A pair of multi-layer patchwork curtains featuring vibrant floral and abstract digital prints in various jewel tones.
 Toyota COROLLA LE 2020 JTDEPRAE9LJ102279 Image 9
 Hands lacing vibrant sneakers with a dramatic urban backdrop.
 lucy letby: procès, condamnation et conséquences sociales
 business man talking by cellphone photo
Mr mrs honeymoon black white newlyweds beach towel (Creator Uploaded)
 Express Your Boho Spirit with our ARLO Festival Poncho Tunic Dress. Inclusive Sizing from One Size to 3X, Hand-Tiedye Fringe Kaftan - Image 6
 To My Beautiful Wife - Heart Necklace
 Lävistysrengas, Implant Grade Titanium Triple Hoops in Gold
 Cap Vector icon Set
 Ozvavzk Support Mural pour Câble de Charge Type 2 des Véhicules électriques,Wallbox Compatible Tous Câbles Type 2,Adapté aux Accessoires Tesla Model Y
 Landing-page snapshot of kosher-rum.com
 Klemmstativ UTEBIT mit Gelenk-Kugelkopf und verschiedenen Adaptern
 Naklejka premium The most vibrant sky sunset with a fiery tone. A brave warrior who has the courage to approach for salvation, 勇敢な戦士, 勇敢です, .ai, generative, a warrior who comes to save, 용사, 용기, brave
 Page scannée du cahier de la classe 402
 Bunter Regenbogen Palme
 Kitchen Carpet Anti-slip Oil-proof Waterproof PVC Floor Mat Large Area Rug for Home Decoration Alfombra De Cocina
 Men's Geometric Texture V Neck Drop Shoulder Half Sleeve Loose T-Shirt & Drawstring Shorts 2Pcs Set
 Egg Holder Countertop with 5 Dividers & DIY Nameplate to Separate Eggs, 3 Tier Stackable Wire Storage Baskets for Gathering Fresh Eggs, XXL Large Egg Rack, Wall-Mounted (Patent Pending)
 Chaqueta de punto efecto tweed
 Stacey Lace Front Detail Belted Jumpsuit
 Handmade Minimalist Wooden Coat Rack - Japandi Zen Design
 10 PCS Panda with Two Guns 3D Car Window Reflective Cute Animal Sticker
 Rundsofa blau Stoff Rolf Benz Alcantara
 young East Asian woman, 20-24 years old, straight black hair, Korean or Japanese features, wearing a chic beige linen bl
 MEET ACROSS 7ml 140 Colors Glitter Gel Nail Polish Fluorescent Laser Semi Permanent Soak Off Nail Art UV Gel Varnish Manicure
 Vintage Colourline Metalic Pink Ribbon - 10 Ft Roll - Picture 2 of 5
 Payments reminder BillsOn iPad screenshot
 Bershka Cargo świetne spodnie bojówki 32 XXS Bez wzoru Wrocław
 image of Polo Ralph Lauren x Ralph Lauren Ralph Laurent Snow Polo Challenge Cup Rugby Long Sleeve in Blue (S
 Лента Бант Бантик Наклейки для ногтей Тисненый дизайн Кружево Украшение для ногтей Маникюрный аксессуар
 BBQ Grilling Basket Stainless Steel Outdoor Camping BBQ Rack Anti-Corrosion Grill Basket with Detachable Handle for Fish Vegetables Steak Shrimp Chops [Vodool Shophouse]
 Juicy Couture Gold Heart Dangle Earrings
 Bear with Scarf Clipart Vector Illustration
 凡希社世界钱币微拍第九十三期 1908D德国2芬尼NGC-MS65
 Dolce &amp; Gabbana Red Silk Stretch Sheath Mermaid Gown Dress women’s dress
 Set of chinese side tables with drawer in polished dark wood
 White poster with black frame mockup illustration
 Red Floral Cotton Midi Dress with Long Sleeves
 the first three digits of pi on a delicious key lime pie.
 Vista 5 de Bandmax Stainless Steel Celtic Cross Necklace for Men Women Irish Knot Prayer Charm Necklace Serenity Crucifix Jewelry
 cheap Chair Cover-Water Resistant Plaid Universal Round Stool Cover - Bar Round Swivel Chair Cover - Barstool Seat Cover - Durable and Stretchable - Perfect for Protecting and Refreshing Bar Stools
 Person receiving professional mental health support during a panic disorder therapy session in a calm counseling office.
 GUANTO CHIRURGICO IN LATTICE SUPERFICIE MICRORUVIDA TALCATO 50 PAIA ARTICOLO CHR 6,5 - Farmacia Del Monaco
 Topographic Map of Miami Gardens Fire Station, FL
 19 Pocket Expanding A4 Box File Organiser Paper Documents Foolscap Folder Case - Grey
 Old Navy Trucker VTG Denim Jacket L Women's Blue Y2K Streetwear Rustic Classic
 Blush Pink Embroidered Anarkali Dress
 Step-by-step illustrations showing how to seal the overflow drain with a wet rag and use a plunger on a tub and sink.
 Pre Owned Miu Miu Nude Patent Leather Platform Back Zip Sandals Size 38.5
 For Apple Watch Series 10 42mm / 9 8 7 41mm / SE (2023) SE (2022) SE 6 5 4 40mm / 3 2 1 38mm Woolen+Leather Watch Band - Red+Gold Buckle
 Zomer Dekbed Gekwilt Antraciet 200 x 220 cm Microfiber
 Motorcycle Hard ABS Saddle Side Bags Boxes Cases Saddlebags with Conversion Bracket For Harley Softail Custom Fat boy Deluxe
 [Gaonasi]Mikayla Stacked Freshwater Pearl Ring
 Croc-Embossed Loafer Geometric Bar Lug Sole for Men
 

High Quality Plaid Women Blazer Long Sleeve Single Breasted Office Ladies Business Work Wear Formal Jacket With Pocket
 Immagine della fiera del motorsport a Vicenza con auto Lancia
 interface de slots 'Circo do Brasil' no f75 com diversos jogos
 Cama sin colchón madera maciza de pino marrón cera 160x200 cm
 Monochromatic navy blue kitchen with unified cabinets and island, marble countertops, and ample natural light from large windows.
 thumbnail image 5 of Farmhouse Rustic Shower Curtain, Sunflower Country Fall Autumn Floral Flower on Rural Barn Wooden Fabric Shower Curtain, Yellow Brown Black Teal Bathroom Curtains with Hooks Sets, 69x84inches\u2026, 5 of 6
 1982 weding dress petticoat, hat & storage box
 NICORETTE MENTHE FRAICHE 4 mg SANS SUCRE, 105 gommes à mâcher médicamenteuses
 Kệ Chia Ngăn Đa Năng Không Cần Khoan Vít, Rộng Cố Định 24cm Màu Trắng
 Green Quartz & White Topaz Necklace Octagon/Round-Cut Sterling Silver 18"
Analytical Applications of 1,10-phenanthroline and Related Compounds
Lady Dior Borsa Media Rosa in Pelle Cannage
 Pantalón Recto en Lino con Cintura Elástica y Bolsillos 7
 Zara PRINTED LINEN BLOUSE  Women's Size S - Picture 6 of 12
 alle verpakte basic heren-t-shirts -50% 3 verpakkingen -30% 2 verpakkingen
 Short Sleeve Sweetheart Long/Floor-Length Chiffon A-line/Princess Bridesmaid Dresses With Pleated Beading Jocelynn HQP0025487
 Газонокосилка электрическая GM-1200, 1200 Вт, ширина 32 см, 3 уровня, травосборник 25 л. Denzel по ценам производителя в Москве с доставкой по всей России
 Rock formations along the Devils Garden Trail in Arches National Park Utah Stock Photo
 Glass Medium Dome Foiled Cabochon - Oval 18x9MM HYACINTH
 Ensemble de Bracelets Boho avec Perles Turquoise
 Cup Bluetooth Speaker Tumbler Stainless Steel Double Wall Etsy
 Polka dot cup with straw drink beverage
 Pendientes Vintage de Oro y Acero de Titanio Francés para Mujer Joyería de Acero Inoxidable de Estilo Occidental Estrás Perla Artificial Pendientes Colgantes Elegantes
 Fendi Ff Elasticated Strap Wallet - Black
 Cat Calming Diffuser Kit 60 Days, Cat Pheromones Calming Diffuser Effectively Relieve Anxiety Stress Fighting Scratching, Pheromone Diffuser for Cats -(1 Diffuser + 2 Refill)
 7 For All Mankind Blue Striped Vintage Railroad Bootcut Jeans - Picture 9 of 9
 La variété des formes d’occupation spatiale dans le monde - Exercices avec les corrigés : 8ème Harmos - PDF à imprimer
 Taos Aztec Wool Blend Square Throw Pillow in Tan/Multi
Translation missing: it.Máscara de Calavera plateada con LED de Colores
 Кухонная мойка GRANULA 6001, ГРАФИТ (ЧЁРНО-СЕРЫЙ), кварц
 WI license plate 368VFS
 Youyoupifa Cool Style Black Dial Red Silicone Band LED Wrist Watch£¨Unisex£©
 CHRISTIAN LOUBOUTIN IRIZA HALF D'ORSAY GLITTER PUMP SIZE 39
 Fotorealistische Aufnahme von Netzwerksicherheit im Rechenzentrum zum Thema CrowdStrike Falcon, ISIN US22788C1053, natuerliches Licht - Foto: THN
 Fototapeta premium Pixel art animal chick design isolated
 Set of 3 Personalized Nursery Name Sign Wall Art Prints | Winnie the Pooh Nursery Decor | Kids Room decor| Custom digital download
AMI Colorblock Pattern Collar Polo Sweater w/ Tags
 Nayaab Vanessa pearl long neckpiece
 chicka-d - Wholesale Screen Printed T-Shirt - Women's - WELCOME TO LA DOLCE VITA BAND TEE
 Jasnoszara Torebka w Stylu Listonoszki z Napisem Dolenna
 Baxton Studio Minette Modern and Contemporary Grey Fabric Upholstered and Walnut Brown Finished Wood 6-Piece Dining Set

→ REQUIREMENT:
Find "Translation missing: it.Máscara" in the entries above and copy that whole line exactly, then each line after it through the line that contains "Youyoupifa Cool Style".

→ ANSWER FOR THE TASK:
Translation missing: it.Máscara de Calavera plateada con LED de Colores
 Кухонная мойка GRANULA 6001, ГРАФИТ (ЧЁРНО-СЕРЫЙ), кварц
 WI license plate 368VFS
 Youyoupifa Cool Style Black Dial Red Silicone Band LED Wrist Watch£¨Unisex£©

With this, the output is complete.